段々と蒸してくる。池山小屋分岐を過ぎると直ぐに水場が待っている。大休憩を取る。極端にスピードが落ちる。下山し始めてから4時間。タカウチ場を過ぎてしばらく下ると林道終点になる。下山を始めて5時間半、とうとう着いたかと思うも先は遠かった。最後は近道の案内に従いスキー場をショートカットすれば菅の台バス停は目の前。何と下山に7時間半も掛かる。

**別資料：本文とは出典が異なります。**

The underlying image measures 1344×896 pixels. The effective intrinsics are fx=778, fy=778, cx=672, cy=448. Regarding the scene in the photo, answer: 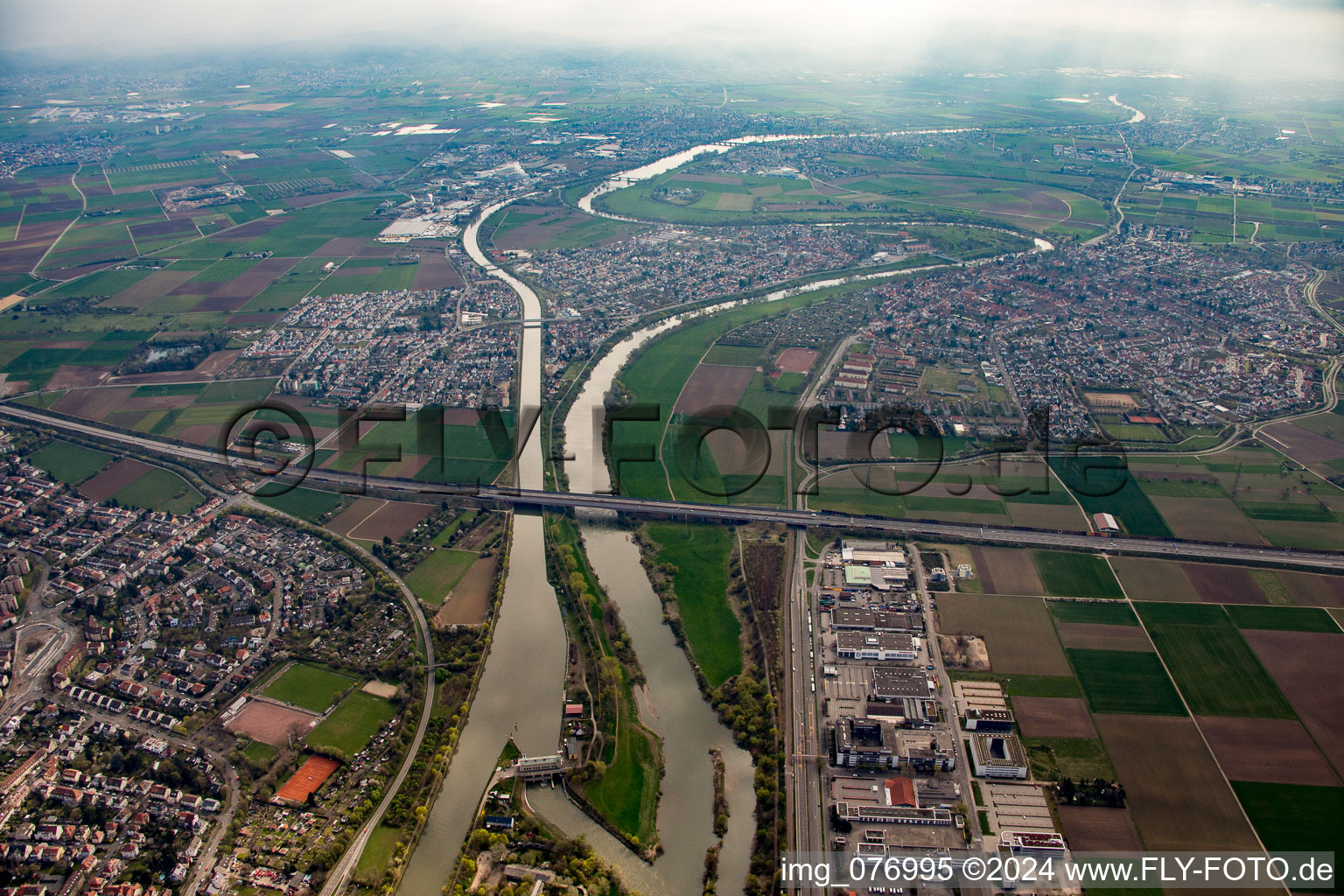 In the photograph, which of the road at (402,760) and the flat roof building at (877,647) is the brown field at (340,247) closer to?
the road at (402,760)

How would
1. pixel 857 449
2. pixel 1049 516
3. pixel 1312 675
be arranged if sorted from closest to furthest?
pixel 1312 675 < pixel 1049 516 < pixel 857 449

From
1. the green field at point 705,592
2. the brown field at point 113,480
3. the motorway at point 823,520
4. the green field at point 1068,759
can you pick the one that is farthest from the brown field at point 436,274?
the green field at point 1068,759

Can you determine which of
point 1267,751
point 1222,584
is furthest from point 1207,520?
point 1267,751

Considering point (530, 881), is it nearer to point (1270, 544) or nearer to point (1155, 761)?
point (1155, 761)

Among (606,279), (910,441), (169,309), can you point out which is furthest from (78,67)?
(910,441)

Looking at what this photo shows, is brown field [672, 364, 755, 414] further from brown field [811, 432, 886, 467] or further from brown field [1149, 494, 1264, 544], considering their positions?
brown field [1149, 494, 1264, 544]

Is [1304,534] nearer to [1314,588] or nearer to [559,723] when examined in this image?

夕暮れ時になって帰宅するのは無理。道の駅で一泊する。一先ず勝手知った道の駅日義へ向かうが、途中ゲリラ豪雨に襲われる。ずぶ濡れになりながら道の駅で雨宿り。一旦止んだので次の道の駅へ移動。ここで気持ちが萎えて道の駅木曽福島を寝床とする。長距離トラックのエンジン音が喧しくて寝れない。微睡む程度の仮眠。朝5時に移動を開始。

昼飯には日本一の栄誉を数度獲得したた和良の鮎の塩焼きを食べようと目論んでいたが、1500円もするので諦める。好物の福井のおろし蕎麦に代え、道の駅九頭竜で特製そば(2玉800円)を食する。おろしの辛さは弱く味が緩慢でイマイチ。矢張り三国の新保屋のおろしが一番の好みだ。

腹一杯になって一路帰路へ。永平寺鮎街道を走行中鮎の露天を見かける。値頃が価格(800円)に惹かれるが、10月迄営業中な事あって次回食する事にする。自宅までもう一息、走りに集中。丸一日掛かって無事帰宅する。

別山

39度猛暑予報の発出を受けて急遽山に退避することにする。先の縦走の疲れが残っているので遠出する気にならない。何時かは登りたいと思っていた白山の別山へ逃れる。チブリ(千振)尾根経由別山に登頂後南竜テント場で野営、翌日白山大汝峰を経て別当出会に下る道程とする。可也キツいルートだが、先の木曽駒ー空木ルートに比べては容易いと判断。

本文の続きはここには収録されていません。